Part Ⅰ Borneol modified nanoparticles function

    Lipid nanoparticles (LNPs), are nanoparticles composed of lipids. They are a novel pharmaceutical drug delivery system (and part of nanoparticle drug delivery), and a novel pharmaceutical formulation.

    BBB, a diffusion barrier essential for the normal function of the brain, impedes the entrance of substances from the blood to the brain to maintain brain homeostasis. But this has been the source of some challenges of brain drug delivery systems,including our LNPs.


Figure.3

    At the same time borneol has been used widely in traditional Chinese medicine as a messenger drug, which facilitates the transport of multiple drugs to specific sites and harmonizes the effects of those drugs. Borneol can also significantly loosen the intercellular tight junctions (TJs) and increase the number and volume of pinocytosis in in vitro Blood-Brain Barrier(BBB) models. Borneol can affect BBB in three ways:

     1. Borneol can reduce the TJ and degradation of the vascular basement membrane,increasing the BBB permeability by affecting Ca2+-eNOS-NO and VEGF-eNOS-NO signal pathways.

     2. Borneol can make brain microvascular endothelial cells shrink, augmenting the gap between cells.

     3. Borneol has the potential to adjust the function of permeability glycoprotein(Pgp) and increase the bioavailability of other drugs in the brain.

    As mentioned above,Pgp is a specific type of ABC transporter that is found in epithelial cells of the BBB, extrudes hydrophobic substances out of the cell and depends on ATP for energy. Borneol can bind with the Pgp and decrease the transform function of Pgp, which helps reduce the excretion of our drugs. At the same time ,the defuctionalization of Pgp also contribute the accumulate of the 5--hydroxytryptamine (5-ht), an open transmitter of blood-brain barrier.

    So if we load borneol on our nanoparticles, the borneol will help both open the BBB and inhabit the excretion of our drugs. Once our Bor-Nps enter the cell, these borneol will influence the Pgp ,the Ca2+-eNOS-NO and VEGF-eNOS-NO signal pathways through many cytokines and finally achieve a better drug delivery effectiveness.

Part Ⅱ Preparation of the Bor-Nps

    The base unit of LNPs is methyl-poly(ethyleneglycol)–poly(lactic-co-glycolic acid) (mPEG-PLGA),often works as the framework material of the LNPs. But we can not load our borneol on mPEG-PLGA directly, for there is no site to form a chemical bond.

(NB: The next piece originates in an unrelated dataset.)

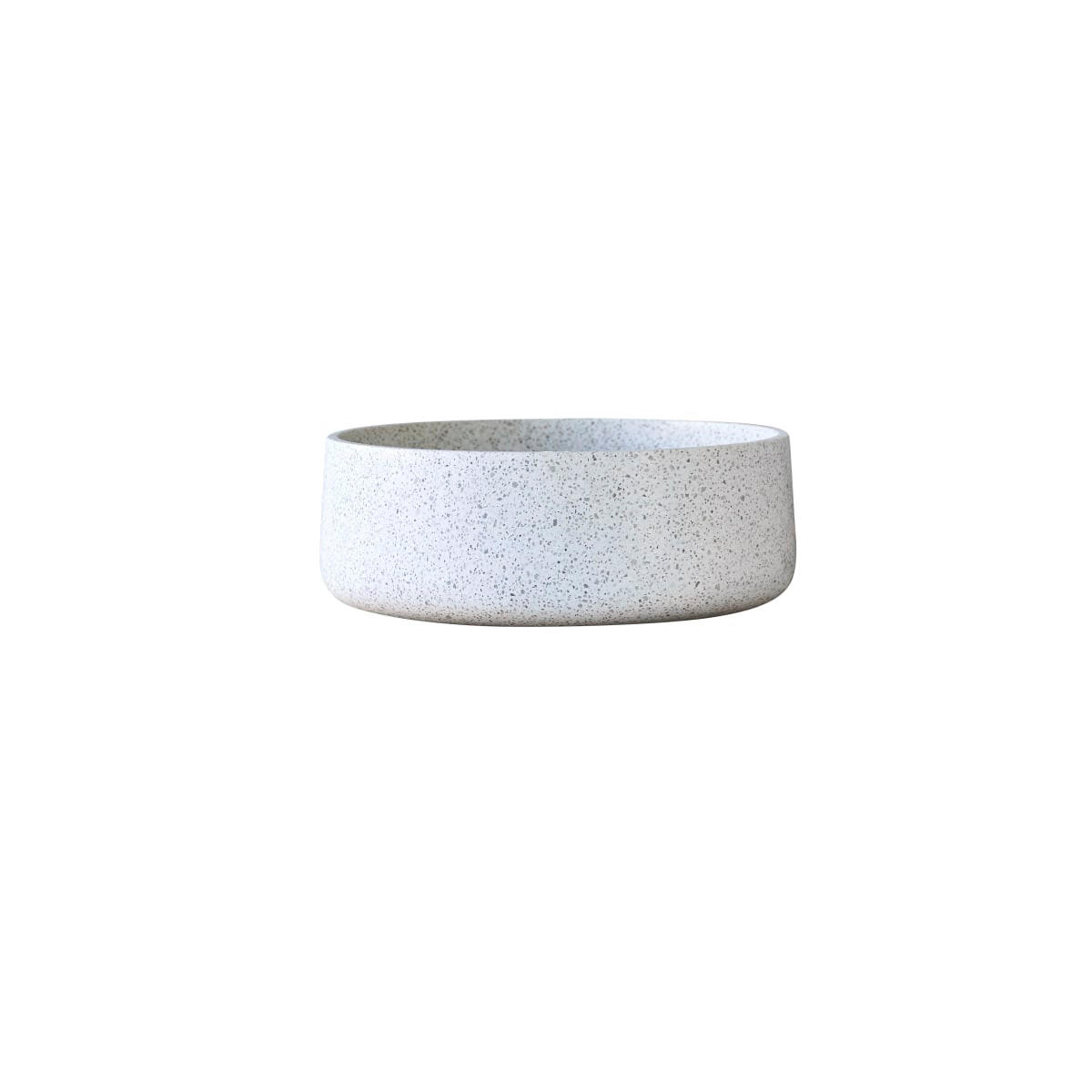 WASCHBECKEN Milos Weiß aus Premium-Terrazzo - Weiß, Stein (40/14/40cm) - Tikamoon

    So we choose succinimide group of Nhydroxy succinimide–poly(ethyleneglycol)–poly(lactic-co-glycolic acid) (NHS–PEG–PLGA ) as the carrier. However, the active site of borneol is the hydroxide radical, but there is a mass of hydroxide radical on the PEG,and many side effects may occurred if we use borneol directly. So we turn borneol into the bornylamine to guarantee the uniqueness of reaction. And we designed the following Chemical process:


Figure.4

     1. With acetone; zirconic acid In benzene at 80℃; for 8h;

     2. With (pyridine)(tetrahydroborato)zinc In tetrahydrofuran for 1.5h; Heating;

     3. With pyridine; hydroxylamine hydrochloride at 75℃; for 2h;

    And we wish further grope and optimize the reaction condition in future.

    The Bor-Nps was synthesized by incubating of NHS–PEG–PLGA with bornylamine at a molar ratio of 9:1 at room temperature for 24 h. After purification by methanol precipitation,we intend to identify the outcome with NMR.